TASK DIRECTIONS: Your job is to print, exactly, the lines in the data below from the line with "NO:914086,MONCLER's latest 2026ss" through the line with "嘎然而止的读音是什么(嘎然而止的读音是什么组词)", both included, and to omit any picture.

SOURCE RECORDS:
-*-

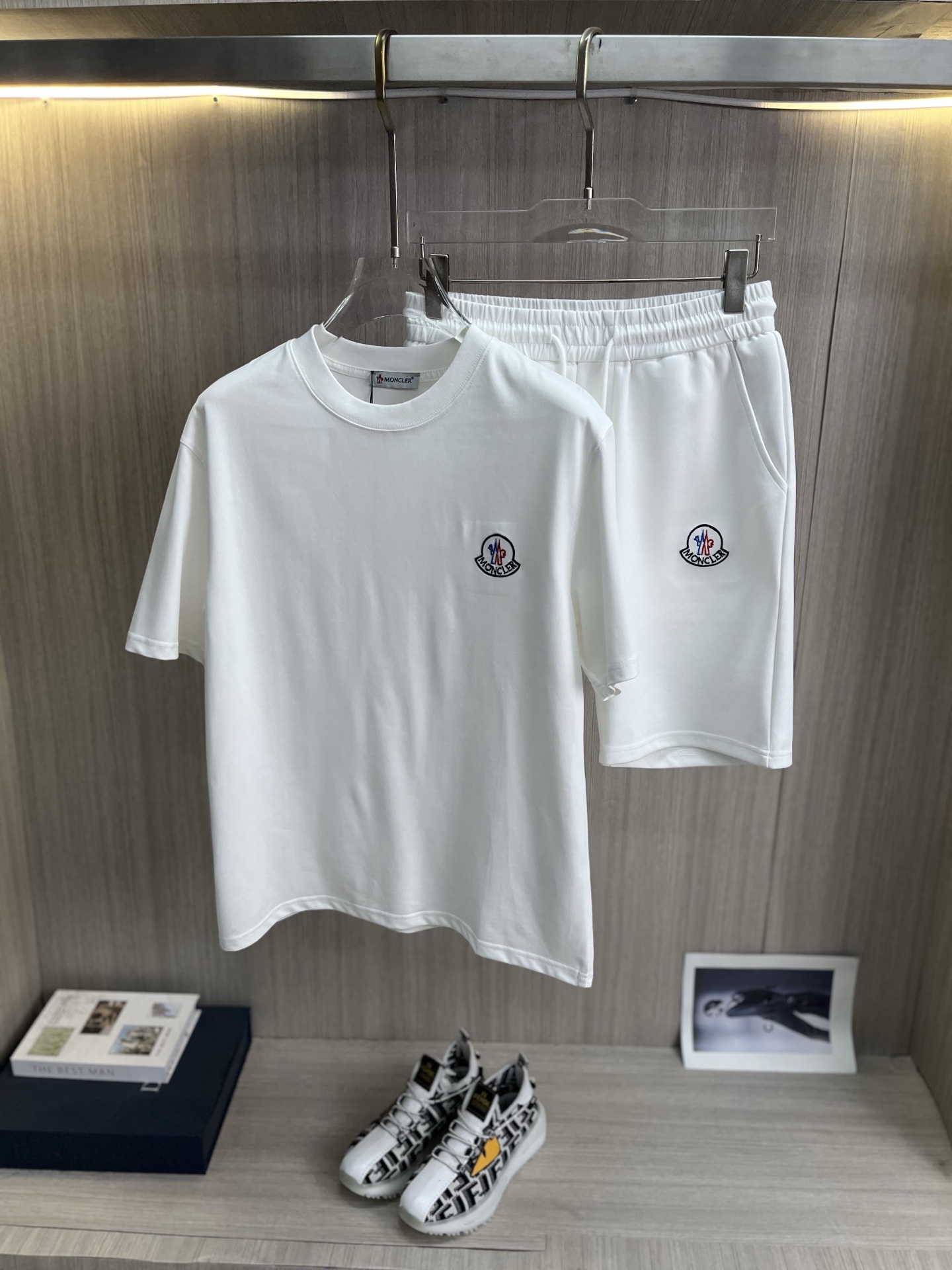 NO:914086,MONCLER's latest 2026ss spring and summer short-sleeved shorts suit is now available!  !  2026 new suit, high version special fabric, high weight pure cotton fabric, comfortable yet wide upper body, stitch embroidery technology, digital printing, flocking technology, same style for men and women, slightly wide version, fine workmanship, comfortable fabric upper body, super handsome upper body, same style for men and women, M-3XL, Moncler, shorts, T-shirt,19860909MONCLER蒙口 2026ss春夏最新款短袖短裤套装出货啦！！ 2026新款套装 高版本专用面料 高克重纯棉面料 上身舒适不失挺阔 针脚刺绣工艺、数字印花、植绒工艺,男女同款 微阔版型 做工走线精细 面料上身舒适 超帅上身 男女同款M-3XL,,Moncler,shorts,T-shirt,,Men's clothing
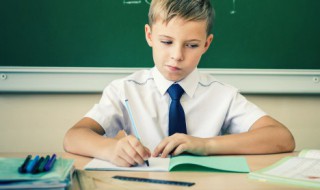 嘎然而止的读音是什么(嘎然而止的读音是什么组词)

-*-

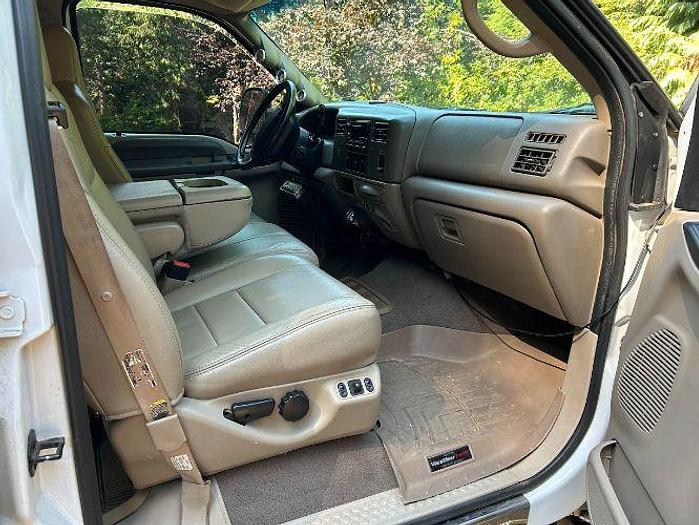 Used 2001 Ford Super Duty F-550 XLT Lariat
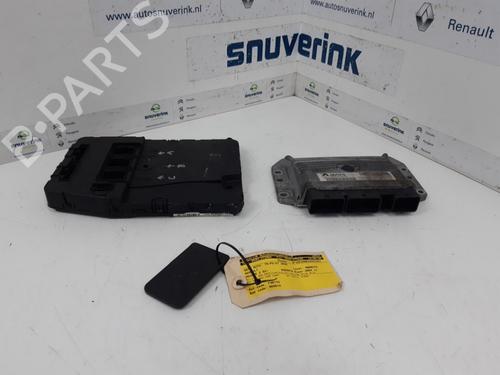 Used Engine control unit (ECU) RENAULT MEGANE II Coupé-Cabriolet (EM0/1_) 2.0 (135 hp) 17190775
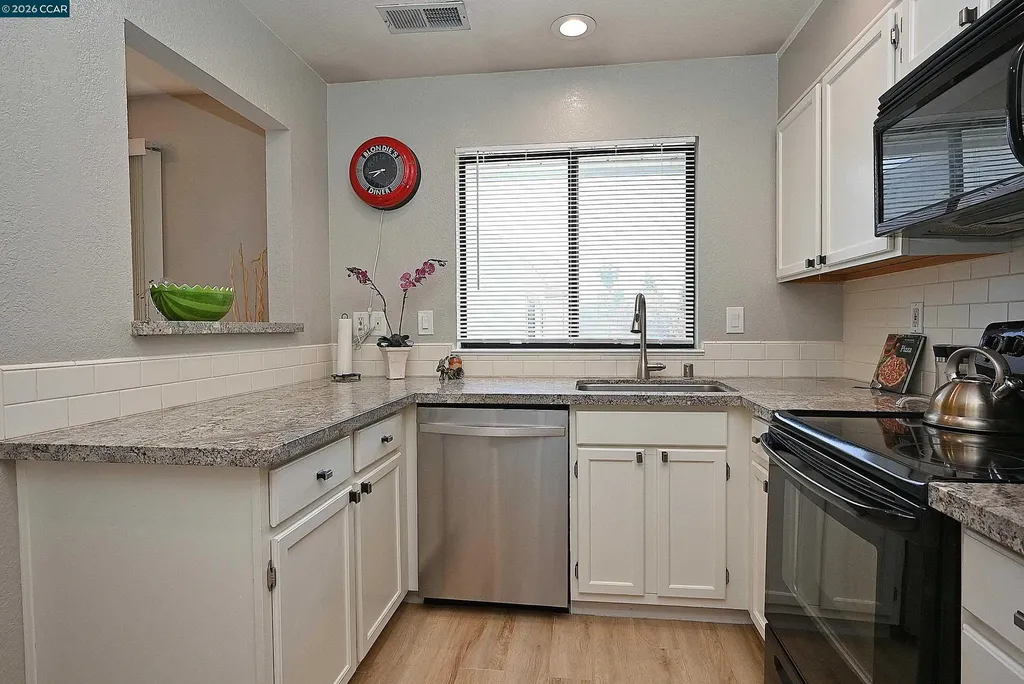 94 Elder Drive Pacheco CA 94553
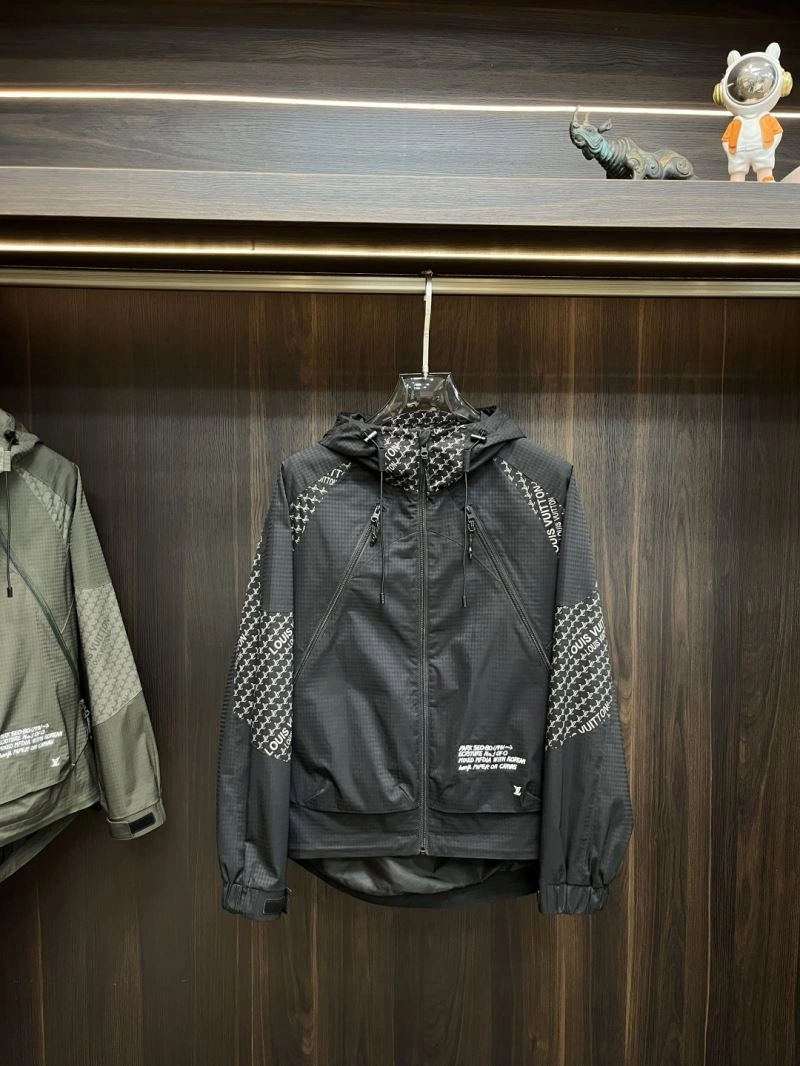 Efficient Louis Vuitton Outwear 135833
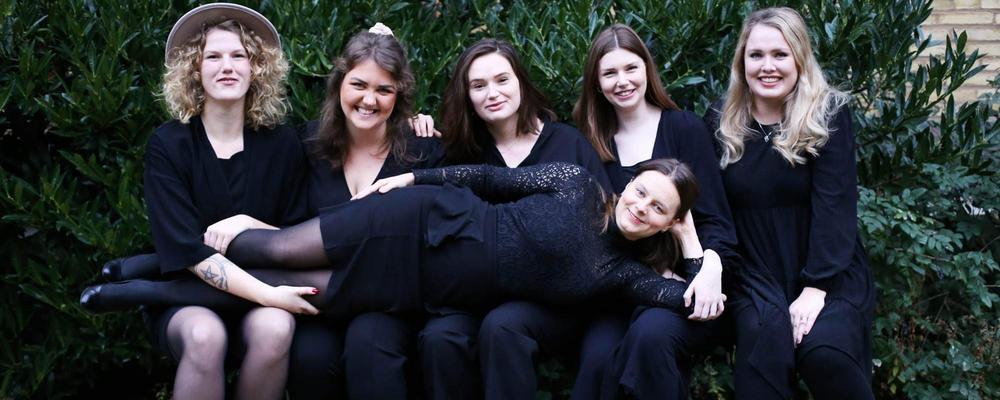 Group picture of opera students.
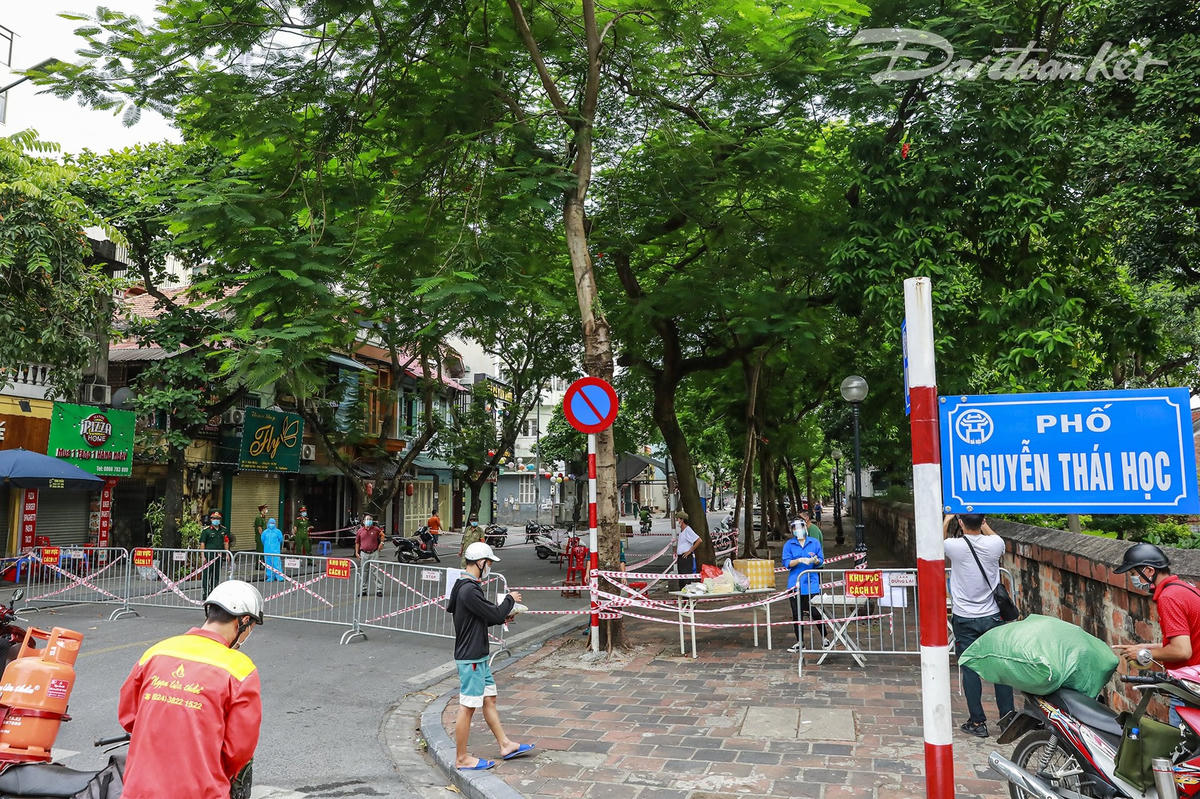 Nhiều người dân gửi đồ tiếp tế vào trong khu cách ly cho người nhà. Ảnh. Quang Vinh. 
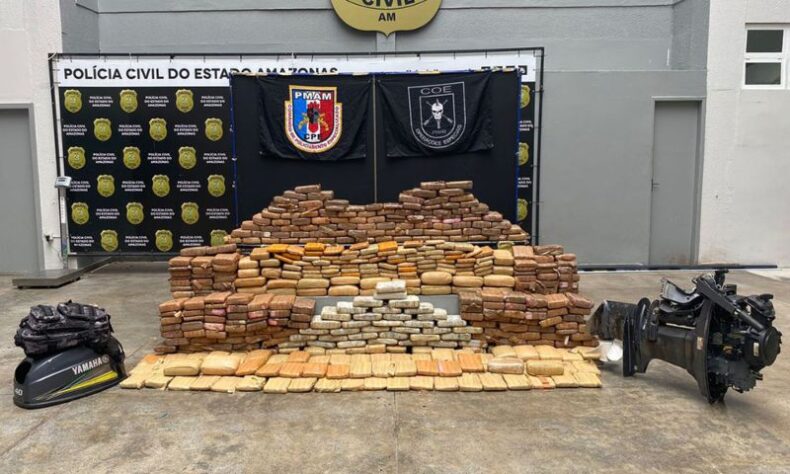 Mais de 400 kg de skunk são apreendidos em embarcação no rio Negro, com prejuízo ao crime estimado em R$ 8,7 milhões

-*-

OUTPUT OF THE TASK:
 NO:914086,MONCLER's latest 2026ss spring and summer short-sleeved shorts suit is now available!  !  2026 new suit, high version special fabric, high weight pure cotton fabric, comfortable yet wide upper body, stitch embroidery technology, digital printing, flocking technology, same style for men and women, slightly wide version, fine workmanship, comfortable fabric upper body, super handsome upper body, same style for men and women, M-3XL, Moncler, shorts, T-shirt,19860909MONCLER蒙口 2026ss春夏最新款短袖短裤套装出货啦！！ 2026新款套装 高版本专用面料 高克重纯棉面料 上身舒适不失挺阔 针脚刺绣工艺、数字印花、植绒工艺,男女同款 微阔版型 做工走线精细 面料上身舒适 超帅上身 男女同款M-3XL,,Moncler,shorts,T-shirt,,Men's clothing
 嘎然而止的读音是什么(嘎然而止的读音是什么组词)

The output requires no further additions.